Om namens de rechtspersoon gemeente Losser (art. 2:1 lid 1 BW) rechtshandelingen te verrichten is een volmacht nodig (art. 3:60 BW). Normaliter is de burgemeester bevoegd rechtshandelingen te verrichten namens de gemeente (art. 171 Gemw). De burgemeester van Losser moet dus een volmacht verlenen aan de burgemeester of ambtenaren van Enschede. Op deze volmachtverlening is afdeling 10.1.1 van de Awb van overeenkomstige toepassing (art. 10:12 Awb), net als titel 3 van Boek 3 van het BW. Artikel 5 lid 5 geeft aan dat artikel 5 lid 1 t/m 4, van overeenkomstige toepassing is. Dit betekent onder meer dat de volmachten worden opgenomen in de mandaatregeling.
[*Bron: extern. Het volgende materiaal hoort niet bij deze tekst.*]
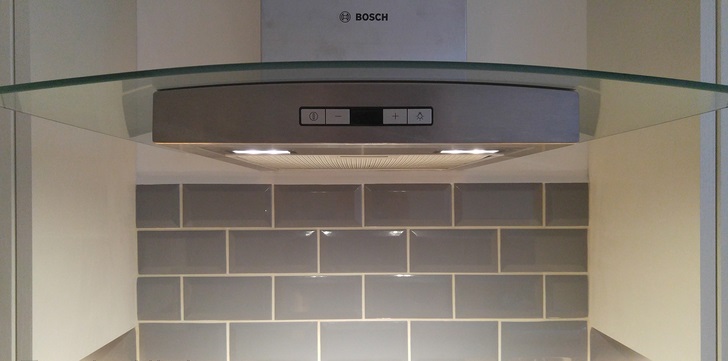 LG G4 camera ISO 350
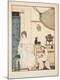 Giclee Print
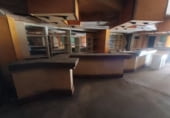 Local comercial en venta con 181m² en León, en la zona de San Claudio, Calle Martín Sarmiento foto
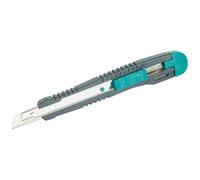 Wolfcraft Cutter lame sécable 9 mm standard
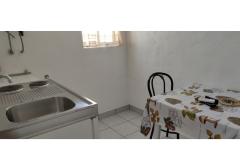 Apartments Danica Apartment 4 – Apartman 4 foto 3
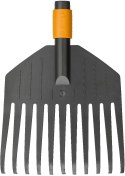 FISKARS GRABIE DO LIŚCI MAŁE QUIKFIT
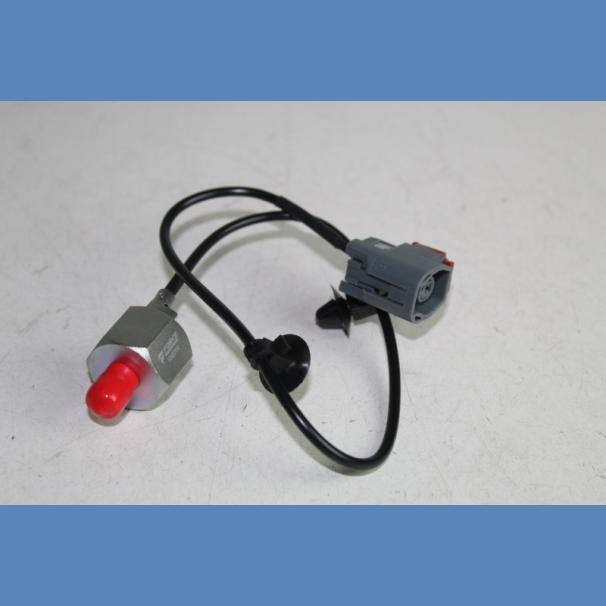 Mazda 3 Knock Sensor For Sale in Kenya (2004-2007)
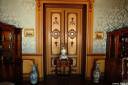 notranjost-grad-miramare-inside-castel-di-miramare-07.jpg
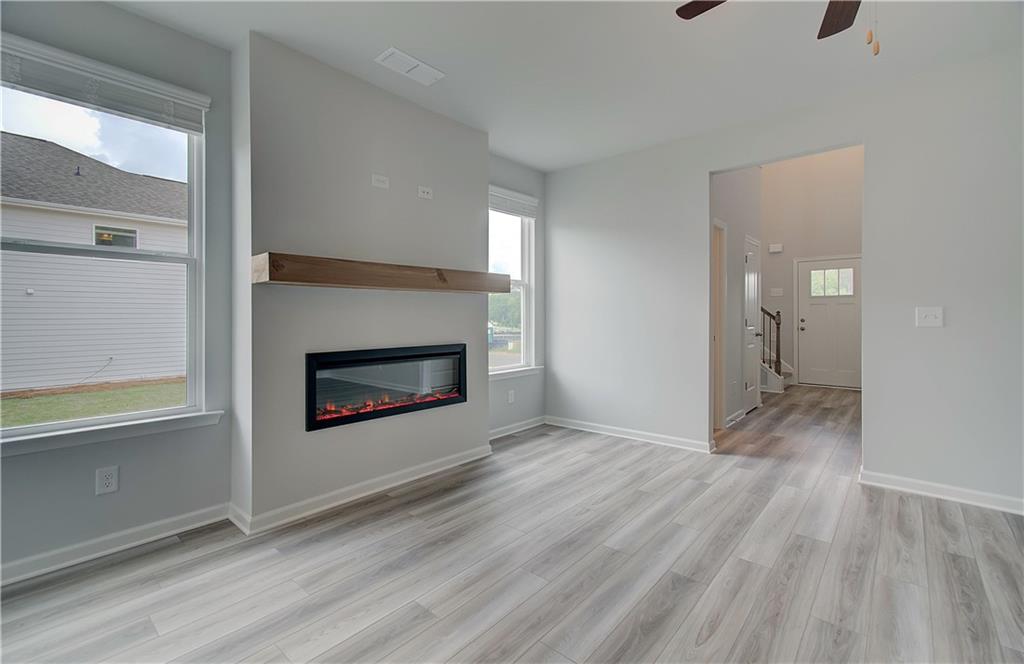 105 Alpine Road Property Photo 6
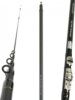 SILSTAR RC1 CARBON BOLOGNESE 6M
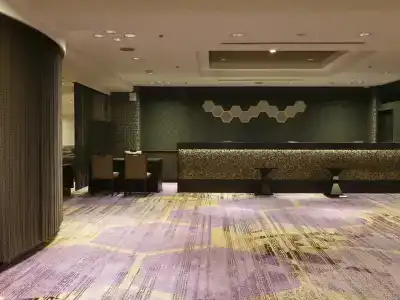 Kyoto Tower - 19
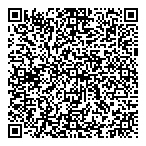 QR код "Мотор Ленд Kia"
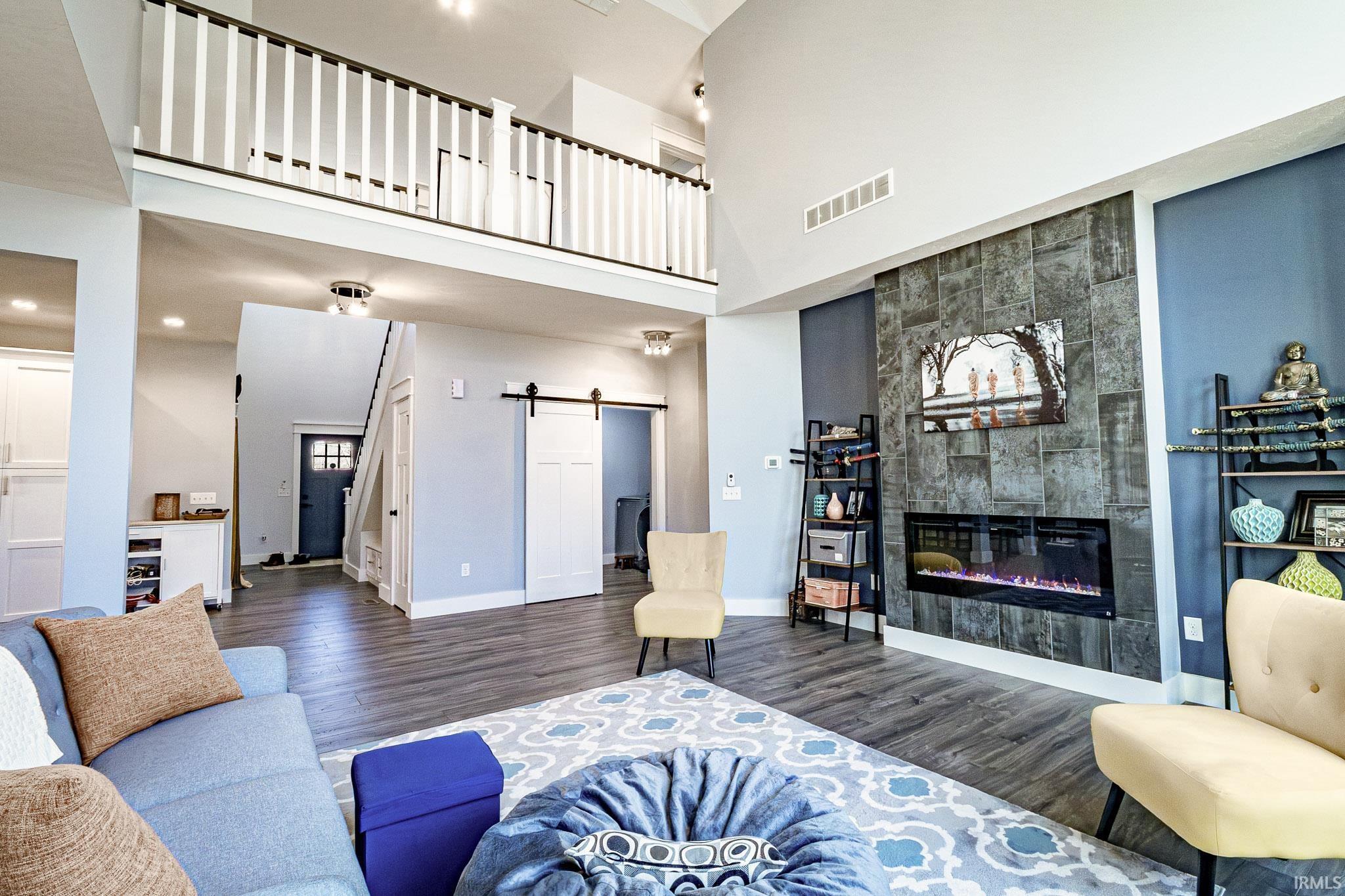 1370 South Smith Road Bloomington, IN 47401 - Photo 9 of 32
Zo geeft deze regeling dus inzicht in zowel de publiekrechtelijke als de privaatrechtelijke bevoegdheden.

Aankoopcentrale (artikel 5 lid 6)

Het zesde lid van artikel 5 voorziet erin dat in de mandaatregeling kan worden bepaald dat de gemeente Enschede als aankoopcentrale voor de gemeente Losser dient. De gemeente Losser is een aanbestedende dienst (art. 1, onder r, Besluit aanbestedingsregels voor overheidsopdrachten, hierna: Bao), hetgeen betekent dat de gemeente opdrachtverlening aan derden in beginsel moet aanbesteden, wanneer deze boven het drempelbedrag uitkomen. De gemeente Losser kan deze aanbestedingsplicht verleggen naar de gemeente Enschede (art. 18 Bao). De gemeente Enschede gaat dan als zogenoemde aankoopcentrale fungeren (art. 1, onder s, Bao). Dat betekent dat de gemeente Enschede namens de gemeente Losser aanbestedingen kan begeleiden en opdrachten kan gunnen.